Although the global prevalence of leprosy has decreased significantly over the past 20 years [2], it still remains an endemic problem in some tropical and subtropical countries [3]. In 2005, Guyana-where our patient had lived for fourteen years-reported the second highest prevalence of leprosy in the Americas of 1.3 per 10,000 people [4].
The Seventh Meeting of the WHO Expert Committee on Leprosy in 1997 defined three cardinal signs by which to diagnose leprosy [5]:
1) Hypopigmented or reddish skin lesions with loss of sensation
2) Involvement of the peripheral nerves as demonstrated by their thickening and associated loss of sensation
3) Skin-smear positive for acid-fact bacilli.
The dermatological manifestations of leprosy vary widely and reflect the type of immune response-cell-mediated versus humoral-mounted by the host against the bacteria [6, 7]. The polymorphic nature of Hansen disease has inspired the development of various classification systems. The most comprehensive of these is the Ridley-Jopling system, which characterizes leprosy along a granulomatous continuum from tuberculoid to lepromatous leprosy (see Table 1) [8].
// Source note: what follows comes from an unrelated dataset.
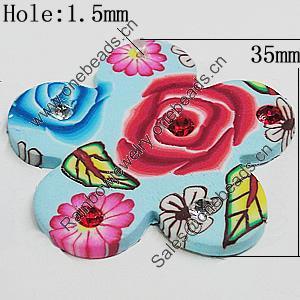 Pottery Clay Pendants, Flower 35mm Hole:1.5mm, Sold by Bag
Our patient appears to fit the clinical description of borderline lepromatous disease, given his extensive, ill-defined skin lesions, his intractable nerve involvement, and the fusiform changes of his digits. His biopsy findings of lymphocytes and macrophages perineurally and numerous bacilli visualized on Fite stain support a diagnosis of borderline leprosy.
The range of cutaneous manifestations in leprosy is clearly vast, and thus it can be initially misdiagnosed as other skin diseases [9], especially in non-endemic areas. While our patient exhibited many of the classic findings of Hansen disease, his dermatologic presentation was notable for axillary-sparing. Leprosy tends to favor cooler areas of the body, and thus axillary sparing can be a clue to aid in its diagnosis. Allergic contact dermatitis due to clothing and textiles classically also spares the axillary vault [10]. This case supports the significance of Hansen disease in the differential diagnosis of contact dermatitis, especially when the patient presents with neuropathy, or when the dermatitis is recalcitrant to conventional therapies.